Max Lucado offers this insight, “The grateful heart is like a magnet sweeping over the day, collecting reasons for gratitude. A zillion diamonds sparkle against the velvet of your sky every night. Thank you, God. A miracle of muscles enables your eyes to read these words and your brain to process them. Thank you, God. Your lungs inhale and exhale eleven thousand liters of air every day. Your heart will beat about three billion times in your lifetime. Your brain is a veritable electric generator of power. Thank you, God. For the jam on our toast and the milk on our cereal. For the blanket that calms us and the joke that delights us and the warm sun that reminds us of God’s love. For the thousands of planes that did not crash today. Thank you, God.”[2]
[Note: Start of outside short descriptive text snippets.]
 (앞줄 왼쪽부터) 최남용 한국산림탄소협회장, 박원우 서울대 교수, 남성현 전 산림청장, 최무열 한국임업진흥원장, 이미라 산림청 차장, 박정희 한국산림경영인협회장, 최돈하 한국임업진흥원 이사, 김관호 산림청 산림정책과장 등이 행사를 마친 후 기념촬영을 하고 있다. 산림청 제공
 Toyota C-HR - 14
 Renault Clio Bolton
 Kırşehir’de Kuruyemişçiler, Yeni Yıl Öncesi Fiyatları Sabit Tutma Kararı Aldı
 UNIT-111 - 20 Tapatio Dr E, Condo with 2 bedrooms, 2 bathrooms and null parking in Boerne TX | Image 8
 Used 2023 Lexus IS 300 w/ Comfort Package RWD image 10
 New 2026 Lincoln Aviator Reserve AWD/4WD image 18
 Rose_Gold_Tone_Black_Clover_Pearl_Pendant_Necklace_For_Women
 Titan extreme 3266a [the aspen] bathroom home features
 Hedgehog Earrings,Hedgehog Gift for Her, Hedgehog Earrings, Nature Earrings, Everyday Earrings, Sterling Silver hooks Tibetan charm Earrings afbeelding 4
I think he’s on to something. Being grateful for little things cultivates gratitude in all things. God isn’t just in the monumental moments. God’s goodness is also in the 1,001 “pennies” of blessings He’s dropped all around us. They are there waiting for us to discover, collect and count. How about the sight of calloused hands raised in a church service, the giggle of a happy toddler, the intoxicating smell of freshly brewed coffee, the wagging doggy tail or the purring kitten, sunshine on your back, a song or sermon that cuts straight into your soul. If we fail to notice these blessings, then we fail to notice God’s doting Father tendencies in our lives.
G.K. Chesterton summed it
up, “I would maintain that thanks are the highest form of thought; and that
gratitude is happiness doubled by wonder.”[3]
Amen. -DM
[1]
Frededreia Willis, “Man Cashes in Pennies He’s Been Saving for 45 Years,” USA
Today, 28 October 2015 <https://www.usatoday.com/story/news/nation-now/2015/10/28/man-cashes-pennies-hes-been-saving-45-years/74727160/>
[2] Max
Lucado, “An Attitude of Gratitude,” 8 October 2013
<http://www.faithgateway.com/attitude-gratitude/#.VkIN5PmrSM8>
[3] G.K.
Chesterton, The Collected Works of G.K. Chesterton, vol. 20 (San
Francisco: Ignatius Press, 2001), 463.